Lenz sięga do różnych środków stylistycznych, mieszając szybkie dialogi, z monologami wewnętrznymi i obszernymi opisami przyrody, wymagając od czytelnika sporej elastyczności. Językowo, jak pisałam, powieść zachwyca, jeśli chodzi jednak o kompozycję, nie zawsze byłam przekonana. Pierwsza część przedstawia fazę przed zmianą strony, druga czas po zmianie a także po wojnie. Zabrakło tu jednak głębszego umotywowania przejścia na stronę wroga, więcej nacisku widzę tu na konkretne rozterki żołnierzy (zaklinanie w myślach, by partyzant się oddalił, by nie musieć do niego strzelać), bezsens bronienia nikomu nie potrzebnej linii kolejowej, przypadkowość śmierci, która nie jest wynikiem walki, lecz zagubionego strzału.
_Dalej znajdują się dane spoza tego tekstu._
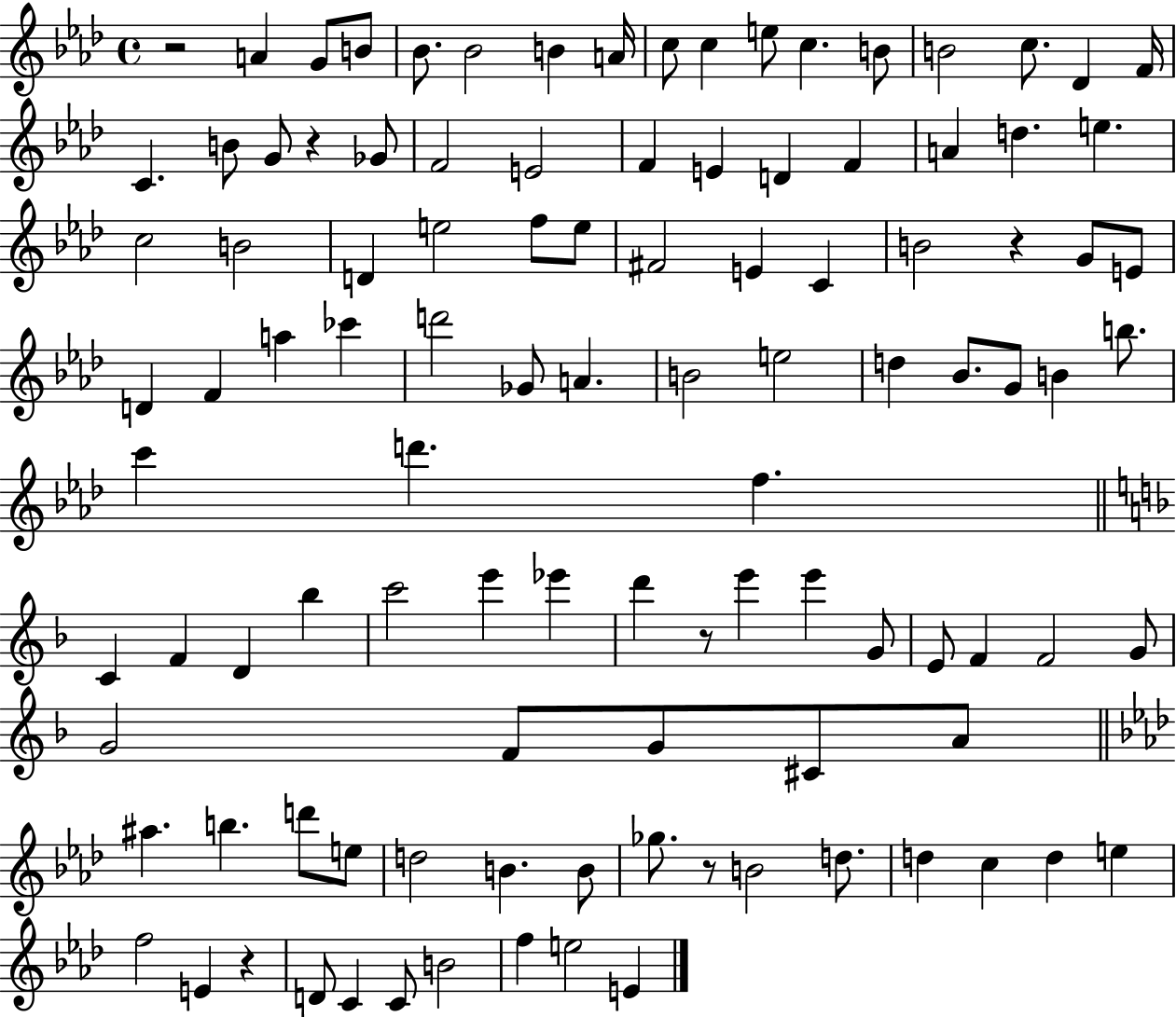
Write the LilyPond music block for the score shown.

{
  \clef treble
  \time 4/4
  \defaultTimeSignature
  \key aes \major
  r2 a'4 g'8 b'8 | bes'8. bes'2 b'4 a'16 | c''8 c''4 e''8 c''4. b'8 | b'2 c''8. des'4 f'16 | \break c'4. b'8 g'8 r4 ges'8 | f'2 e'2 | f'4 e'4 d'4 f'4 | a'4 d''4. e''4. | \break c''2 b'2 | d'4 e''2 f''8 e''8 | fis'2 e'4 c'4 | b'2 r4 g'8 e'8 | \break d'4 f'4 a''4 ces'''4 | d'''2 ges'8 a'4. | b'2 e''2 | d''4 bes'8. g'8 b'4 b''8. | \break c'''4 d'''4. f''4. | \bar "||" \break \key f \major c'4 f'4 d'4 bes''4 | c'''2 e'''4 ees'''4 | d'''4 r8 e'''4 e'''4 g'8 | e'8 f'4 f'2 g'8 | \break g'2 f'8 g'8 cis'8 a'8 | \bar "||" \break \key aes \major ais''4. b''4. d'''8 e''8 | d''2 b'4. b'8 | ges''8. r8 b'2 d''8. | d''4 c''4 d''4 e''4 | \break f''2 e'4 r4 | d'8 c'4 c'8 b'2 | f''4 e''2 e'4 | \bar "|."
}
Ze względu na czas akcji, sporo w tej książce języka polskiego i odrobinę śląskiego - niestety te zdania oddane są po niemiecku, błędnie, często ledwie zrozumiale. Szkoda, że to nie zostało dopracowane, bo nie widzę żadnego sensu takiego zabiegu. Autor prawdopodobnie pisał je z pamięci i ze słuchu.
Ciekawa powieść, ale nie zachwyca tak bardzo, jak późniejsze książki Lenza.
Moja ocena: 3/6
Siegfried Lenz, Der Überläufer, 358 str., dtv 2017.
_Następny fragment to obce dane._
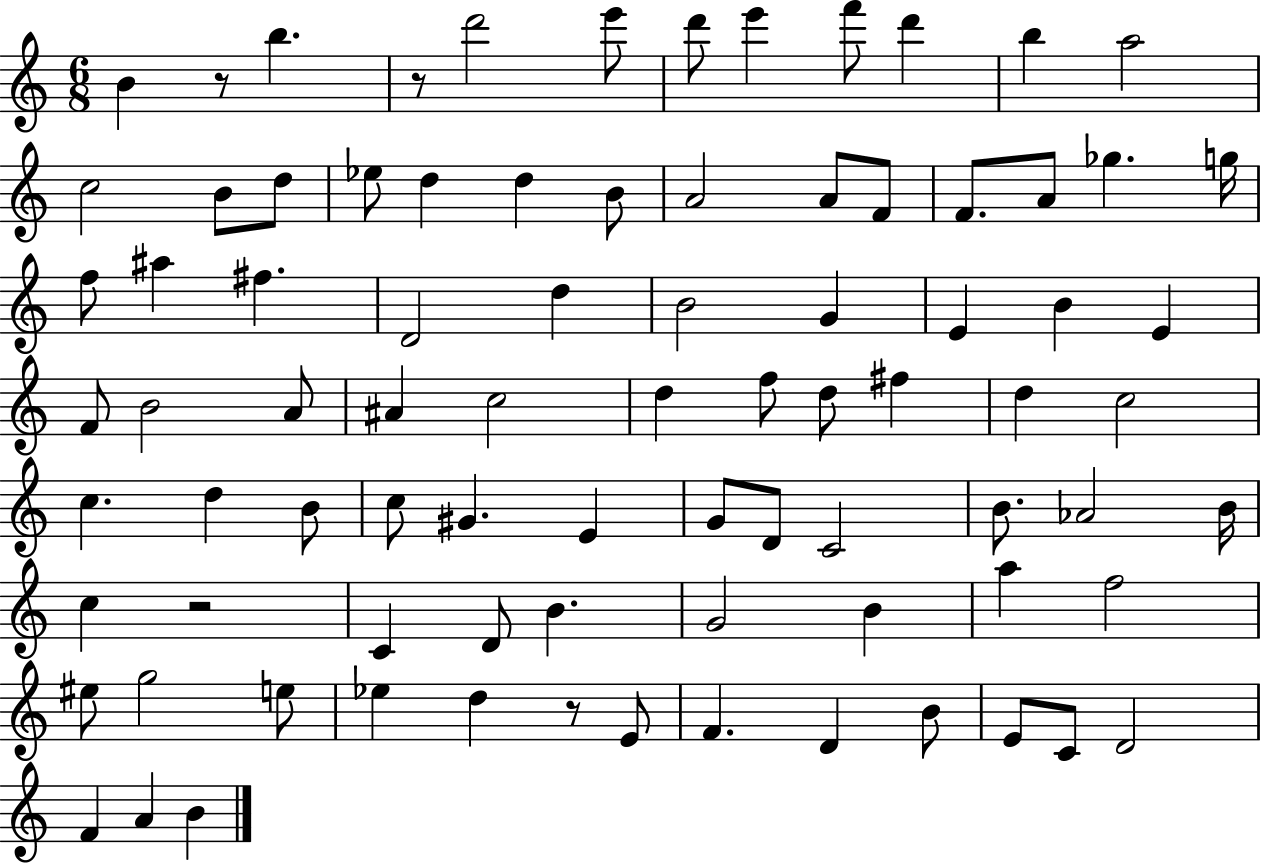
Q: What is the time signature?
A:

Lubię książki o tematyce wojennej, ale ta myślę, że byłaby dla mnie za ciężka. Zwłaszcza te niezrozumiałe fragmenty nie przekonują mnie do przeczytania. Pozdrawiam :)
OdpowiedzUsuńterazszczescie.blogspot.com
Ale te niezrozumiałe fragmenty nie odnoszą się do narracji, to są polskie słowa zapisywane po niemiecku, dla Polaka nie będą trudne.